OpenStudy (anonymous):

how do you solve for x? x^4-x^3+x-1=0

6 years ago
OpenStudy (anonymous):

by using sythetic division, you can solve it. look at the attachment. and this is the wikipedia's article about synthetic division http://en.wikipedia.org/wiki/Synthetic_division

6 years ago
OpenStudy (anonymous):

You can't solve through SD if you don't have anything to divide by, can you?

6 years ago
OpenStudy (anonymous):

take x^3 common from the first two terms and then take (x-1) common then i think u can solve it easily and the ans will be x=1,-1.

6 years ago
OpenStudy (anonymous):

The book answer has something completely different, it has \[\pm1, 1/2\pm \sqrt{3}/2\times i\]

6 years ago
OpenStudy (anonymous):

How do you get the second part?
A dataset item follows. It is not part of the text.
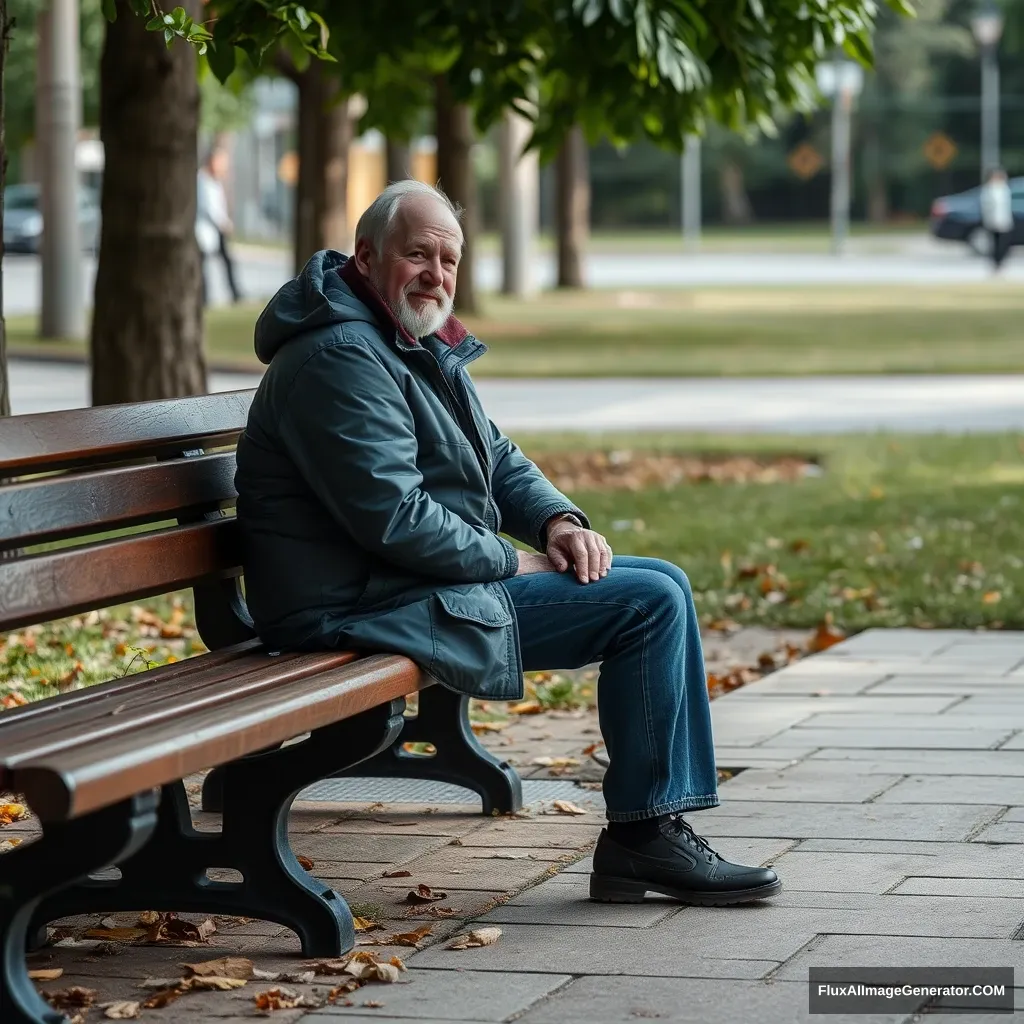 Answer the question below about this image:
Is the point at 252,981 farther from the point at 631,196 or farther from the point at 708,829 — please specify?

Or should I just ignore it?

6 years ago
OpenStudy (anonymous):

\[x ^{4}-x ^{3}+x-1=x ^{3}(x-1)+1(x-1)=(x^{3}+1)(x-1)=0\] \[(x^{3}+1)(x-1)=0\] \[x =1 \] \[(x^{3}+1^{3})=0\] \[a ^{3}+b ^{3} = (a+b)(a ^{2}-ab+b ^{2})\]

6 years ago
OpenStudy (anonymous):

\[x ^{3}+1^{3}= (x+1)(x2-x+1)\]

6 years ago
OpenStudy (anonymous):

\[x^{4}-x ^{3}+x-1 = (x+1)(x-1)(x ^{2}-x+1)=0\]

6 years ago
OpenStudy (anonymous):

x = 1, x=-1 use quadratic formula to find the other two roots

6 years ago